I’ve been thinking a lot lately… Or, like, since graduating. I’ve been thinking about how my jobs since acquiring my bachelor’s degree have been in fields where I don’t use that degree at all.
What’s the point?
I work with kids and I work in the service industry. Honestly, I love both, most of the time. But sometimes it’s so hard to feel… enough. Adequate. Important. Especially when you have spent the last 9 months serving coffee in the financial district of Manhattan.
I loved so many of our customers, really and truly. I knew the names of most people walking through the door and could start their coffee orders before they even got to the counter.
But there’s always that person. The one bad experience of the day, but the one you’re still thinking about on the train ride home. Some people are just rude. Some people make you feel like your entire existence is for their service and you’re otherwise… invisible. Not human.
I was talking to a friend recently about this and she’s feeling the same way. Why did we go to college to do this and barely get by on hourly wages? Why are we struggling so much to even get a rejection call back, much less an actual interview? Why do we exert so much effort to serve others just to be unappreciated?
I’ve thought so much about this. And I think the reason, at least right now, that I serve coffee for a living is so that I also have time to babysit and write music. I think that’s it. I’ve been more than qualified for so many jobs I’ve applied for. Husband and I have struck out in places it hasn’t made sense to. And I’ve finally accepted there’s gotta be a reason behind it.
I hope and pray that I’ll always end up where I need to be. Most of the time it just feels like I’m failing and sprinting forward without direction. But that’s just a feeling. That’s me not trusting. It’s not the truth.
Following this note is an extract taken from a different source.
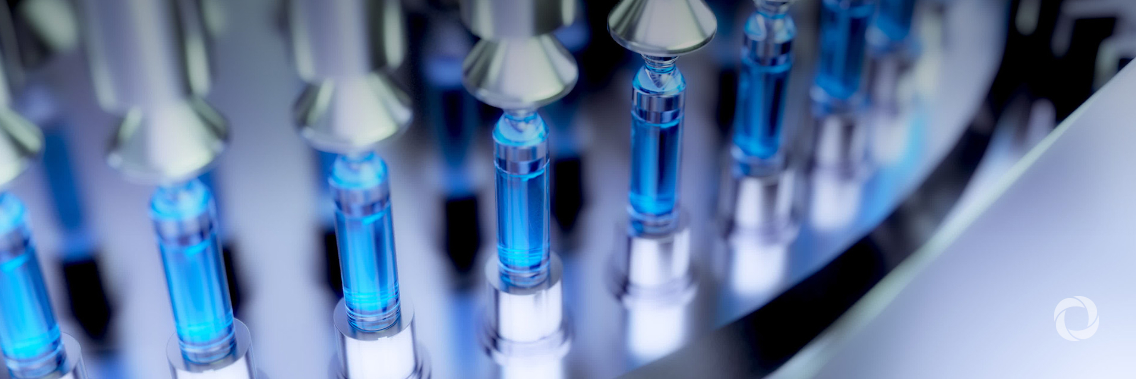 New collaboration makes further 100 million doses of COVID-19 vaccine available to low- and middle-income countries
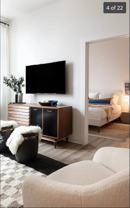 2426 Jasper St #213B - Photo 1 of 1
If I worked a full time job, I wouldn’t be able to devote two partial days a week to babysit. If I hadn’t taken a job at a daycare before moving to New York, I don’t know that I would’ve been trusted enough to even start babysitting in New York. If I didn’t visit a coffee shop in LIC by recommendation of a friend in March 2016, I never would’ve applied there in December 2016. If I didn’t meet a fellow barista at church, I never would’ve applied to work at the cafe I’m at now. If I didn’t work in coffee, I never would’ve met the people I can call my new city best friends. If I didn’t meet them, I might’ve already given up on my creative dreams by now because this city has torn me down a little.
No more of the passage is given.